Bark bread is a form of famine food made by adding ground phloem to the flour as an extender to make it last longer.

Bark bread seems to be a primarily Scandinavian tradition. Mention of it is found in medieval literature and may have an even older tradition among the Sami people.

During the 18th and early 19th century Northern Europe experienced several very bad years of crop failure, particularly during the Little Ice Age of the mid-18th century. The grain harvest was badly affected, and creative solutions to make the flour last longer were introduced. In 1742, samples of "emergency bread" were sent from Kristiansand, Norway, to the Royal Administration in Copenhagen, among them bark bread, bread made from grainless husks and bread made from burned bones. During the Napoleonic Wars, moss too was used for human consumption.

The last time bark bread was used as famine food in Norway was during the Napoleonic Wars. The introduction of the potato as a staple crop gave the farmers alternative crops when grain production failed, so that bark bread and moss cakes were no longer needed. In Northern Sweden, traces of Sami harvest of bark from Scots pine are known from the 1890s, and in Finland pettuleipä (literally "pinewood-bark bread") was produced as ersatz bread during the Finnish Civil War of 1918.

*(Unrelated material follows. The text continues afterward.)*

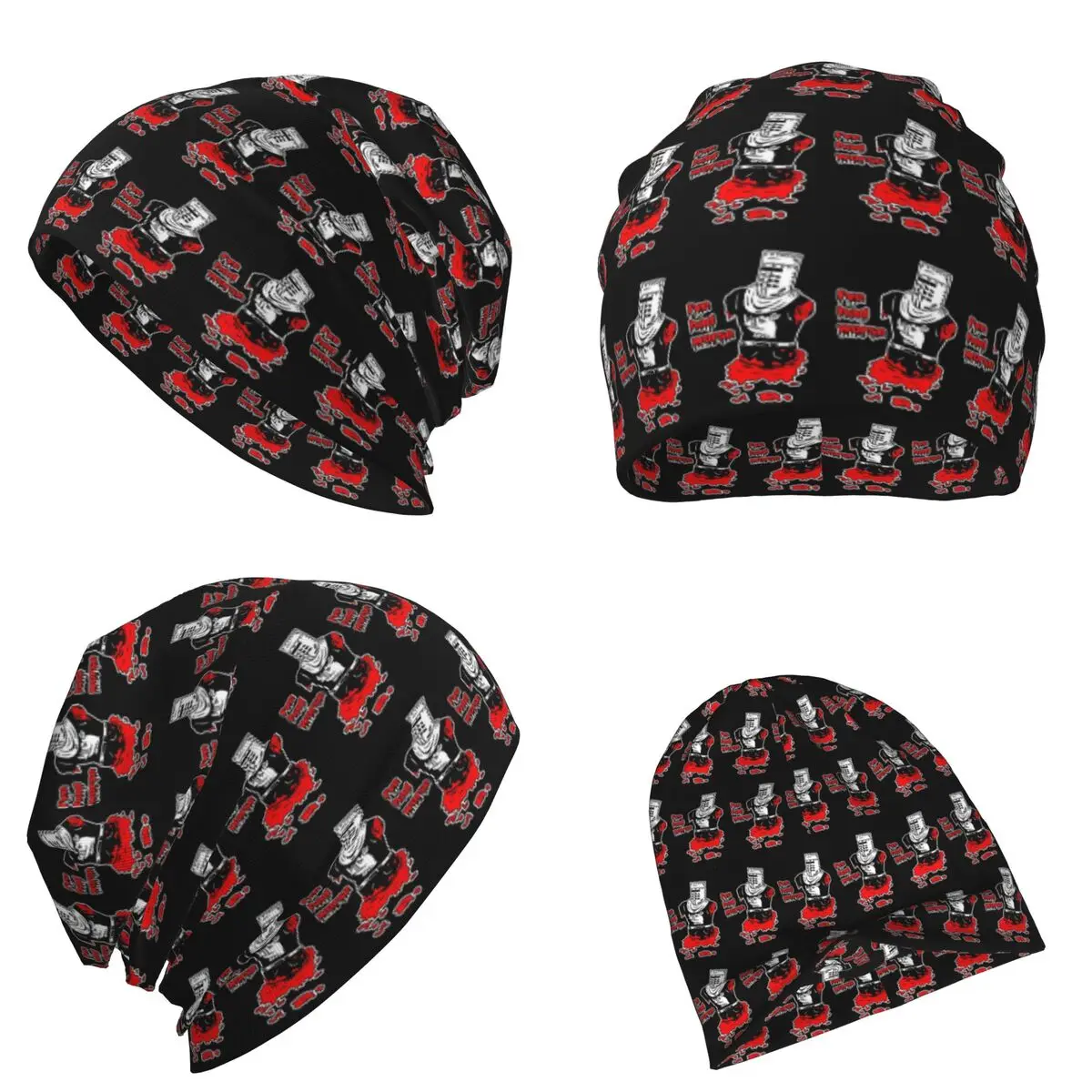 مونتي بيثون الفارس الأسود الدافئة محبوك قبعة الأزياء بونيه قبعة الخريف الشتاء في الهواء الطلق بيني القبعات للرجال النساء الكبار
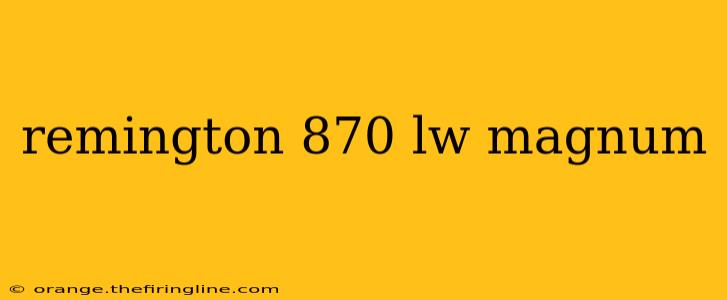 remington 870 lw magnum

Finger sized twigs and branches were collected from deciduous trees and shrubs, and the bark split and the inner bark (the phloem and sometimes the vascular cambium) collected while still fresh. The yellow or green inner bark (depending on tree species) was dried over open fire, in an oven or dried in the sun for a few days. A mortar or mill was used to grind the bark to a fine powder to add to the flour. The dried bark pieces could also be added directly to the grain during milling. The bread was then baked the normal way adding yeast and salt.